Oleh : Zulhilda Nurwulan, S. Pd (Member WCWH Kendari)
Wacana-edukasi.com — Budaya mencerminkan jati diri suatu bangsa. Sikap dan prilaku bangsa tercermin dari budaya yang mereka ikuti. Mencintai budaya merupakan tindakan yang wajar namun bukan berarti mengambil serta merta budaya yang tersaji tanpa menimbang akibat dari budaya tersebut. Terlebih, sesuatu yang sangat fatal jika budaya itu bukan milik kita melainkan mengadopsi budaya bangsa lain apalagi dari bangsa yang tidak meyakini tuhan.

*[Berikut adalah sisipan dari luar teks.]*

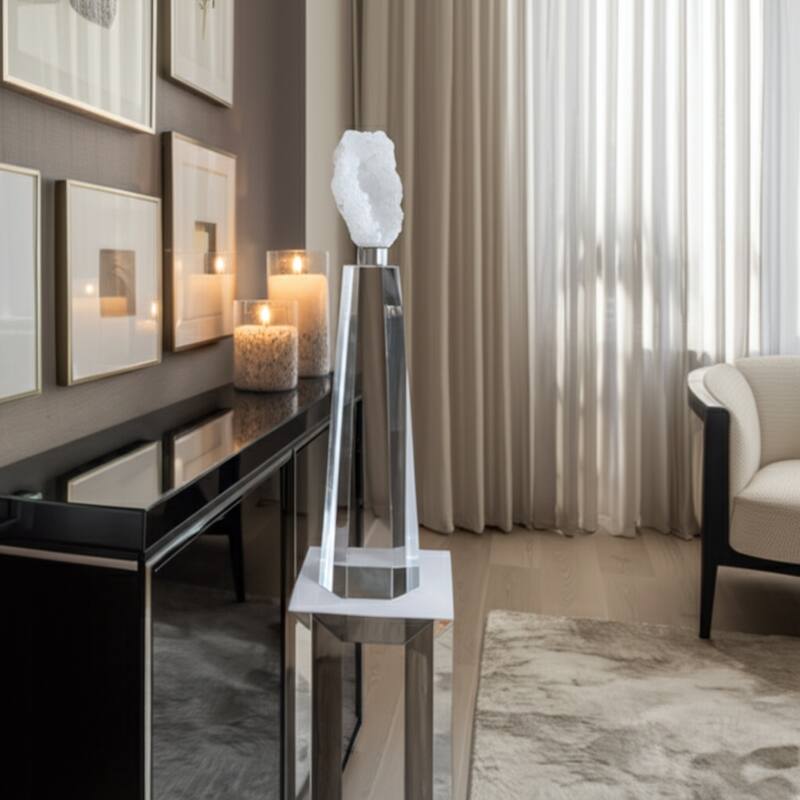 Crystal Stone Decorative Object Modern Geometric Glass Base Home Decor
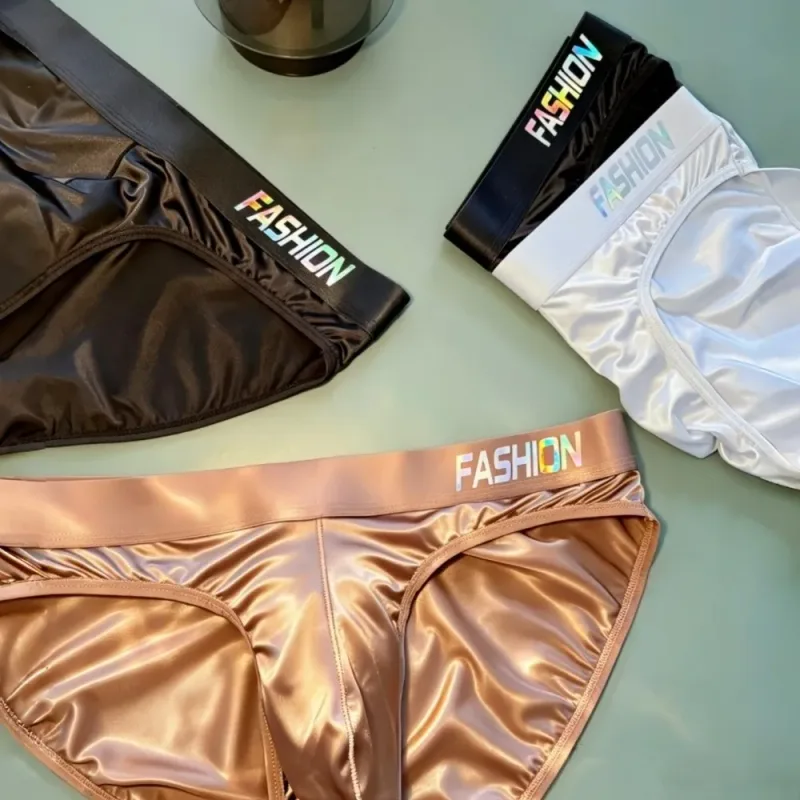Underwear Men's Triangle Panties Low Waist Ultra Smooth Satin Silky Briefs Lingerie Gradient Letter Glossy Underpants Daily Wear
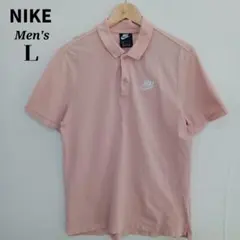 NIKE ナイキ ポロシャツ Ｌ ピンク 刺繍ロゴ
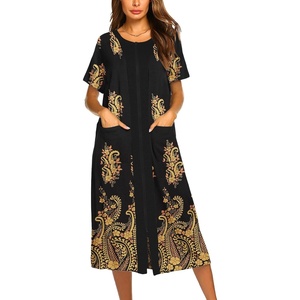 Ekouaer Robes For Women Zipper Bathrobe Short Sleeve Duster With Pockets | Zipper Front House Coat, Lightweight Sleepwear, Plus Size Loungewear, Ladies Nightgown for Mother, Postoperative Gown, Sleep(Pat11)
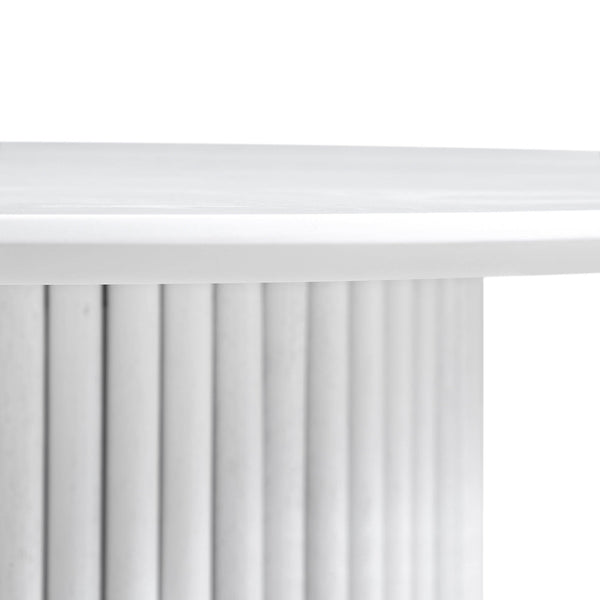 Maru Round Oak Pedestal Coffee Table, Washed White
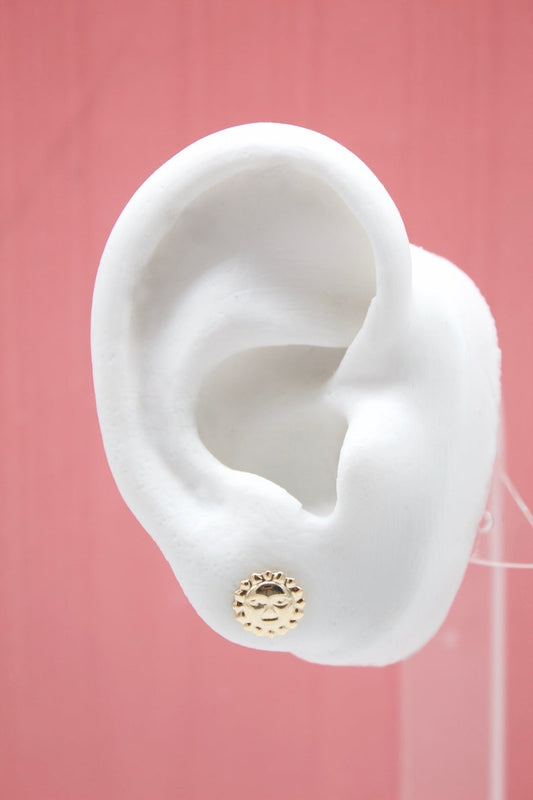 A white model ear displays a small gold sun stud earring against a pink background.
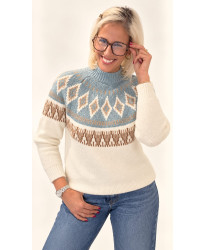 Pull Maille Jacquard Bleu Glacier & Écru - Clara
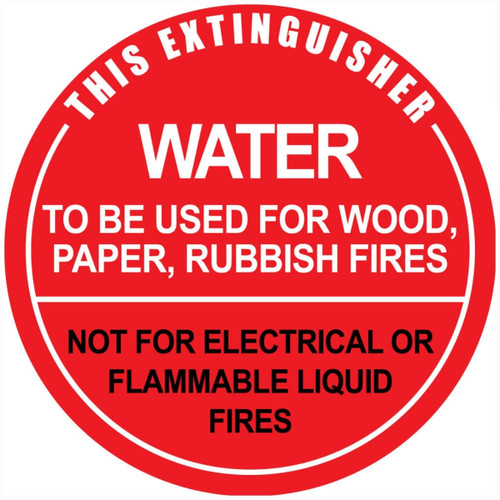 Fire Extinguisher Water ID Sign Fire Extinguisher Water ID Sign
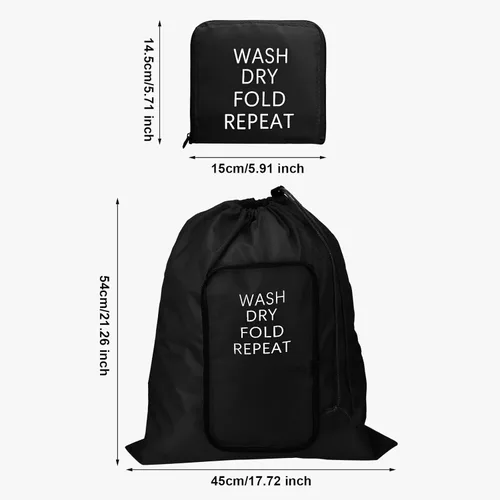 Miniatura 2 de 2 piezas de bolsa de lavandería de viaje, lavable, para ropa sucia, con cordón y cremallera para maleta, 22 x 18 pulgadas (negro, azul, clásico)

Budaya sangat mudah merasuki jiwa masyarakat yang minim ilmu agama sehingga memaksakan agama untuk ikut kedalam budaya. Selain itu, budaya yang mencolok mampu menarik perhatian masyarakat terutama kaum millenials(red generasi) sehingga ketika salah mengajarkan budaya pada kaum millenials (red generasi) akan berakibat fatal pada kepribadian mereka.

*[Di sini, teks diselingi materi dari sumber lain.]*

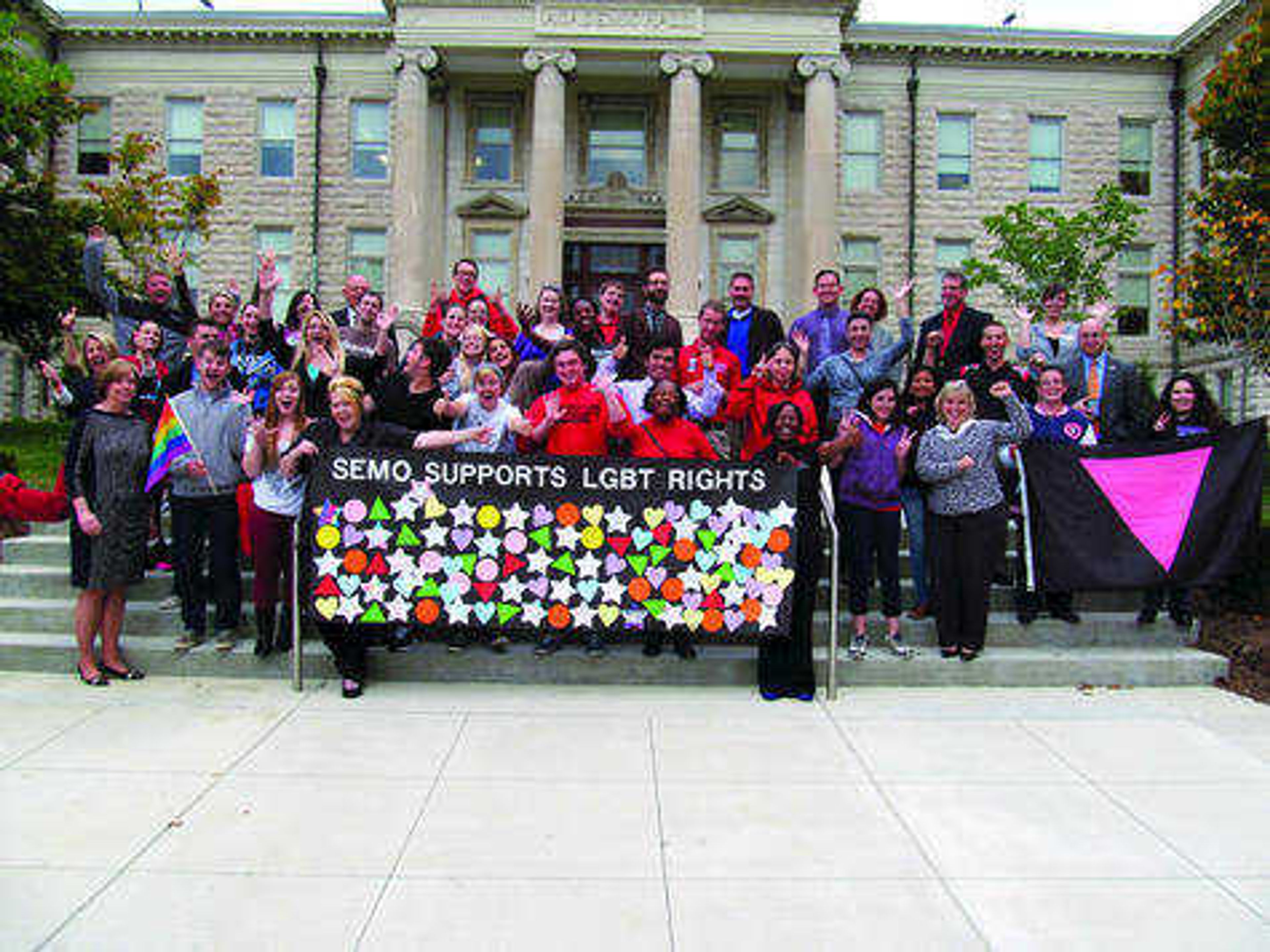 Students, faculty and staff gather to show their support of LGBT rights on Southeast's campus. Submitted photo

Kutipan dari Cordell Hull atau yang lebih akrab dengan sebutan “Bapak PBB” yaitu “jika ingin memusnahkan sebuah peradaban, mulailah dengan menghilangkan memori sejarah mereka, lalu rusaklah bahasa dan budaya mereka dan bangunlah dengan budaya baru diatasnya. Kemudian tulislah buat mereka sejarah lain yang buka sejarah mereka. Jika sudah begitu, masyarakat tersebut akan lupa siapa diri merek dan koyaklah tonggak-tonggak peradabannya.” Kutipan lama ini bisa kita ambil untuk pelajaran. Sehingga, generasi tidak mudah terkoyahkan dengan budaya lain dan tidak melupakan jati diri mereka sebagai tonggak peradaban.
Sayangnya, negeri ini bahkan mendukung budaya bangsa lain untuk diadopsi oleh para generasinya. Dilansir dari Tirto.id, Wakil Presiden RI Ma’ruf Amin dalam acara peringatan 100 tahun kedatangan orang Korea di Indonesia, Ahad (20/9/2020), mengungkapkan dukungannya terhadap langkah generasi yang semakin atraktif dalam menggandrungi budaya korea sehingga Ia berharap jika kegandrungan para millenials terhadap budaya ini mampu mendorong mereka untuk ikut berkreasi dalam memamerkan budaya Indonesia ke dunia internasional.
Seperti yang diketahui, Korea adalah salah satu negara yang mendorong kemajuan budayanya agar bisa menguasai wajah internasional. Seperti yang diungkapkan Kim Gu, presiden ke-13 sementara Republik Korea, “ Aku ingin negara kita menjadi negara yang terindah di dunia. Namun bukan sebagai negara yang terkuat karena Aku tidak ingin negara kita menjadi penjajah bagi negara lain. Cukuplah kita kaya dari apa yang kita miliki melalui sumber daya kita. Cukuplah kekuatan kita untuk bertahan dari serangan negara lain sehingga tidak perlu menggunakannya untuk menajajah negara lain. Yang perlu kita miliki secara tak terbatas adalah kekuatan budaya. Karena kekuatan budaya mampu membahagiakan kita dan membahagiakan orang lain.” Dari sini bisa kita menarik kesimpulan bahwa sebenarnya Korea pun ingin menjajah bangsa lain namun bukan dengan kekuatan militer melainkan dengan invasi budaya sehingga terasa nikmat namun ternyata terjajah.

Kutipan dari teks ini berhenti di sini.